Simona subisce uno stupro, ma non può raccontare l’accaduto, troppo il pudore, l’avvilimento, e il frutto di quella violenza lo deve celare fino al momento in cui se ne sarebbe andata, chissà dove.
Non avrebbe mai sposato quell’uomo e l’avrebbero cacciata di casa.
Vive il suo dramma in solitudine, rinchiusa, non si deve vedere, sapere, ma la nascita di Silvia dà valore alla sua esistenza.

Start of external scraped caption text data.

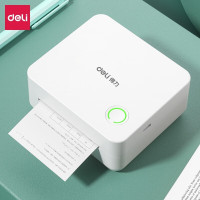 得力(deli)X3B相印宝 热敏宽幅三寸高清打印机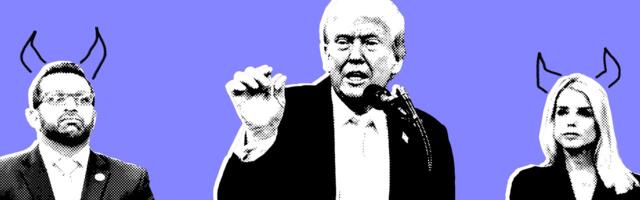 MAGA Is Raging Over the Epstein Files. But They're Not Mad at Donald Trump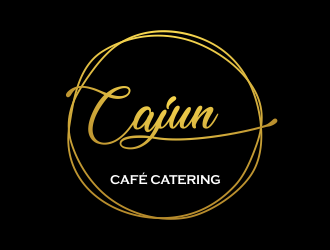 Cajun Café Catering logo design by afra_art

Un matrimonio affrettato per cancellare la ‘colpa’ si rivela da subito, catastrofico per loro, rinchiuse nell’omertà subiscono ogni sorta di violenza morale e fisica, tuttavia, Qualcuno, forse, ha ascoltato quel “Grido al cielo”.
Il disconoscimento, l’abbandono da parte di chi avrebbe dovuto, potuto, l’ha segnata, ma i tempi non erano maturi…

Marina Feltri ha ritenuto opportuno rendere partecipe il pubblico attento alle problematiche e alle dinamiche di vicende tristi e crude che capitano alle donne, in famiglie ‘normali’.
Il racconto è uno spicchio di esistenza e nonostante tutto, un inno alla vita.